=== Begin Enclosure ===
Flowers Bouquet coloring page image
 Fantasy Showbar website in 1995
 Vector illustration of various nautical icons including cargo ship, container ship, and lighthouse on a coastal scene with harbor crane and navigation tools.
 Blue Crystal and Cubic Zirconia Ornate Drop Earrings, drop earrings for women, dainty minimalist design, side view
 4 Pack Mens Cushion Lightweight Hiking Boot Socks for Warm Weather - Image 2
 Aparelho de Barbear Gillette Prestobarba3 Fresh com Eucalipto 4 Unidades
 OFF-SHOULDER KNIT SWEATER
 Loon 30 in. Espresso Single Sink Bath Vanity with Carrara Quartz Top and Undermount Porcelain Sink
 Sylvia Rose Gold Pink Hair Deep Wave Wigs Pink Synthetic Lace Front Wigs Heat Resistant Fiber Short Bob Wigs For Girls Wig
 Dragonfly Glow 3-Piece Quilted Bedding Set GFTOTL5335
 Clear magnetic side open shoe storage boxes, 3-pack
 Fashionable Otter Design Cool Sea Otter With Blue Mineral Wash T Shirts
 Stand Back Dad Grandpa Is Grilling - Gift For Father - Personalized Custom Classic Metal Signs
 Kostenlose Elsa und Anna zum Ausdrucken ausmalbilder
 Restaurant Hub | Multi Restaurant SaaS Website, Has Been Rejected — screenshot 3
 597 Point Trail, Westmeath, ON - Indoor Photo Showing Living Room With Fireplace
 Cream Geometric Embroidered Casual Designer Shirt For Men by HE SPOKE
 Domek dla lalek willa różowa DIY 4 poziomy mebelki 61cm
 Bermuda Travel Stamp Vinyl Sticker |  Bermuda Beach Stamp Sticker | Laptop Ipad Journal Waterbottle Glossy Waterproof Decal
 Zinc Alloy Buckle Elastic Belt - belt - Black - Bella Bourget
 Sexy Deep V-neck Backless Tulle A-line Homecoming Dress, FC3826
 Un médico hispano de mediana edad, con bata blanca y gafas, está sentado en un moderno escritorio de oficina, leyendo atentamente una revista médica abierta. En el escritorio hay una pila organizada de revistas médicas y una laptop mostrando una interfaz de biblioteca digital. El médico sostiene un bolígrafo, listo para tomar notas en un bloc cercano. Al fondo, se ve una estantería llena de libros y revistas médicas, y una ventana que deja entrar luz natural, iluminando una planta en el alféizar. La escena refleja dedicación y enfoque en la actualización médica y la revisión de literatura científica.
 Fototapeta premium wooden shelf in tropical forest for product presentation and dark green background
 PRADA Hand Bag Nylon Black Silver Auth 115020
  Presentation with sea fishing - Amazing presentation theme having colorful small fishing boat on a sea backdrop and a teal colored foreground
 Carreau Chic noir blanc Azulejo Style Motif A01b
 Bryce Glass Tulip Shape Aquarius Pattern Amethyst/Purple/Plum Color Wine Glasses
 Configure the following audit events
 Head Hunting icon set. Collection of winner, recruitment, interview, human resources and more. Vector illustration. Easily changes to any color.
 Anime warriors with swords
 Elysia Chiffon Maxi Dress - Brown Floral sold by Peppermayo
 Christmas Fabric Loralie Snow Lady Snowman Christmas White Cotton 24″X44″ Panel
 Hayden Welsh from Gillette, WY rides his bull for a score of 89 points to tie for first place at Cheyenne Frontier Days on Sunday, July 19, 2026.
=== End Enclosure ===
Transcribe the lines above between the line holding "Restaurant Hub |" and the line holding "Cream Geometric Embroidered", inclusive, exactly as they stand and with nothing added.

 Restaurant Hub | Multi Restaurant SaaS Website, Has Been Rejected — screenshot 3
 597 Point Trail, Westmeath, ON - Indoor Photo Showing Living Room With Fireplace
 Cream Geometric Embroidered Casual Designer Shirt For Men by HE SPOKE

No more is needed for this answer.